Oops. I did a really stupid thing. I was driving around doing errands on Saturday when I looked into the rear view mirror and saw how ghastly my hair looked. I was in the middle of a hair emergency without an appointment. I haven’t been happy with my stylist lately, and in fact I’ve been shopping around. I’m tired of paying a lot, and not being satisfied. All that to say, I ended up driving to the nearest cheap hair salon I spotted on the highway, and walked in.
After all, aren’t all the stylists in those kind of places recent grads who know the latest techniques? Aren’t they just working at these cheap places to get experience, build up a clientele, and move on?
I walked in. “Hi, can someone cut my hair now?”
Behind the desk, the receptionist, sporting a great haircut, looked up.
“Sure. Give me your coat and take a seat. I’ll get Terry (not her real name).”
Sitting in Terry’s chair, I looked around. The place was dumpy, looking like the low-end salon it was.
Out walks Terry smelling badly from cigarette smoke. Her face was covered with deep wrinkles and when she smiled, she was missing a few teeth. I won’t bother to detail the many different colors of her hair ranging from burnt orange to caramel.
OMG. I had a sick feeling in my stomach as I sat in Terry’s chair, a prisoner, held hostage by my own stupidity. It was too late to turn back.

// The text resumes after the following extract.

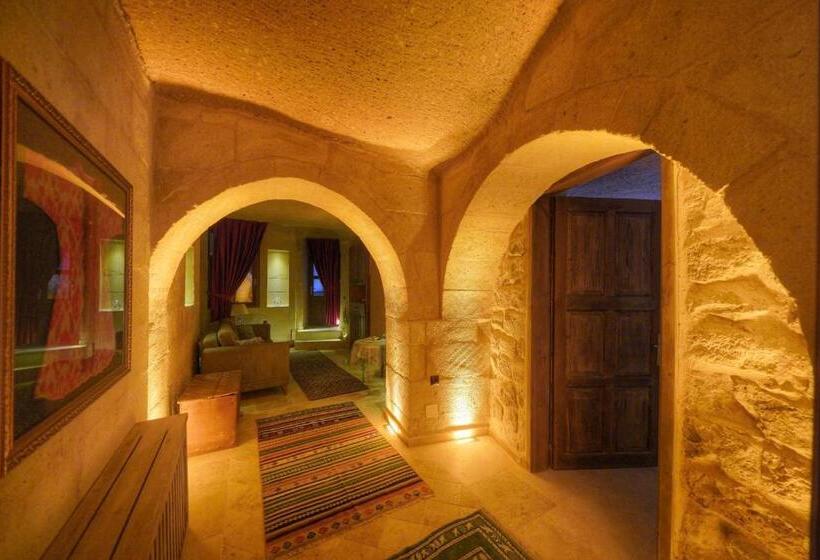 패밀리 스위트, Takaev Cave House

I tried to imagine the best case scenario. Maybe she was a recovering addict from NYC and came to the mountains to get her life back together. She wouldn’t be the first. Or maybe she was a super stylist from NYC. Anything was possible.
“Is that a natural curl?” she asked.
“Yes, and I happen to have a photo of the cut I like in my wallet.” I handed the photo to Terry.

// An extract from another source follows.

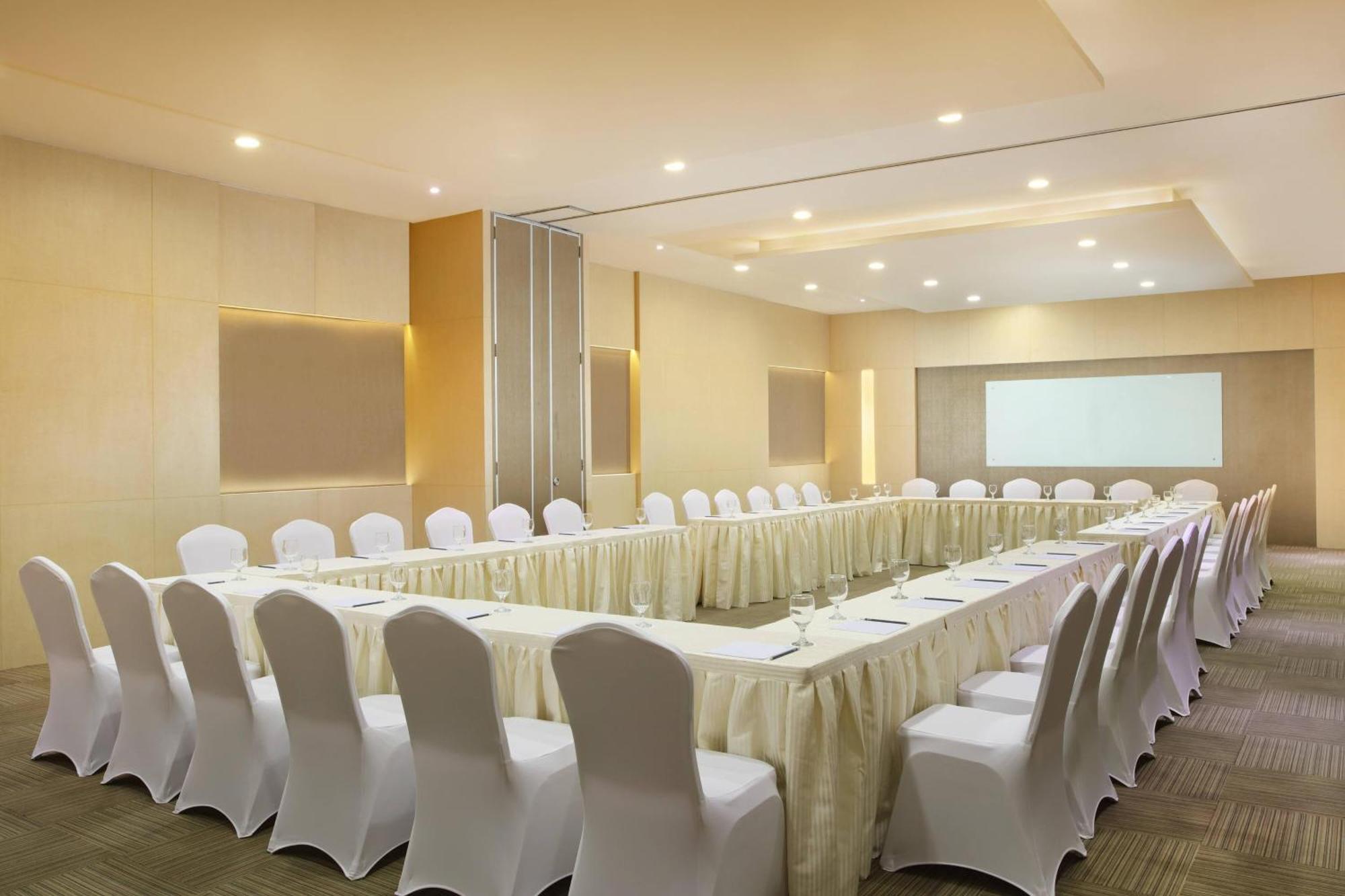 Four Points By Sheraton Medan Eksteriør billede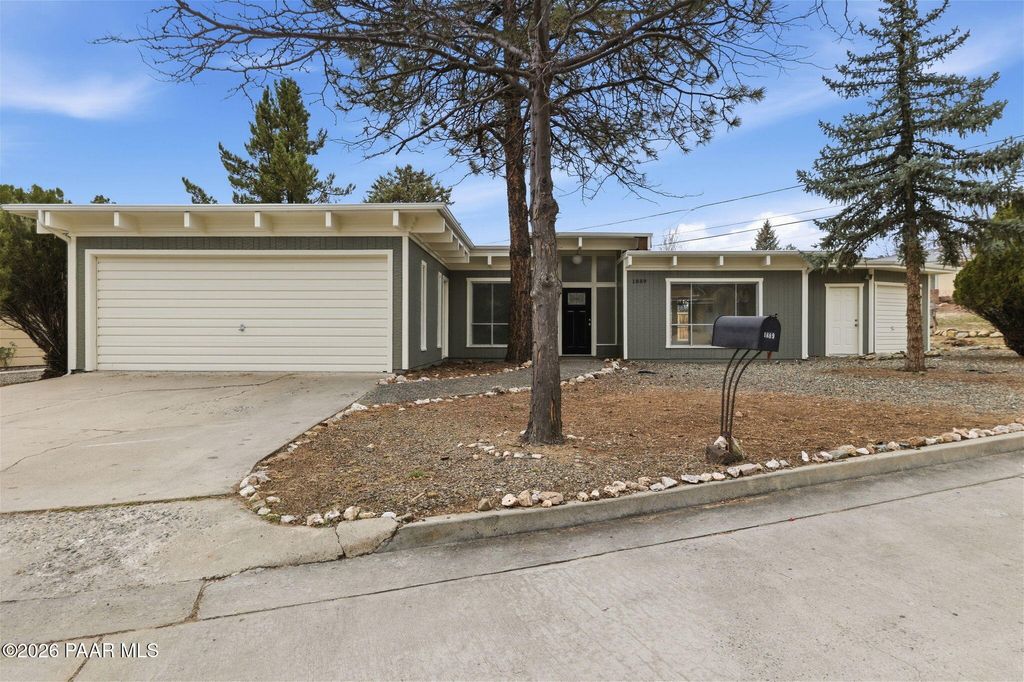Photo of 1889 Foothill Drive, Prescott, AZ 86303 (MLS # 1079570)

She looked at it for a second.
“No problem. I’m great with curly hair, been cutting hair in Asheville since 1994. Raised four kids as a single mom cutting hair.”

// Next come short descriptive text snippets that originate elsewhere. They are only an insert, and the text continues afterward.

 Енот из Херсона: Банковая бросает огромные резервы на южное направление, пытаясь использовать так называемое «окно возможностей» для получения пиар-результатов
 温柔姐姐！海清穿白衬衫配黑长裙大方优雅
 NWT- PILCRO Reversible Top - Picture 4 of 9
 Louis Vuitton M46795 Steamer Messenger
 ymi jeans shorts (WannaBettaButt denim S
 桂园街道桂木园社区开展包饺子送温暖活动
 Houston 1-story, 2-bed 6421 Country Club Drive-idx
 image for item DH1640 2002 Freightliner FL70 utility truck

“Ever been to New York?” I could only hope.
“Never been out of Asheville. Never had the desire.”
“Never. Not even for a visit?”
“Nope. I’m gonna cut your hair dry. It’s the best way to cut curly hair.”
I knew that was a fair statement and such technique existed, so I did not argue with Terry.
Chop, chop, chop. Terry cut away until I was left with a short pixie.
“What do you think? I think that looks about right.” Terry picked up the photo and held it up to the mirror next to my image. “What about color? We use a very good color here.”
I could not speak.
“Would you like to schedule your next appointment?”
“Next appointment? Oh, well, I won’t be needing a next appointment until April – 2013.”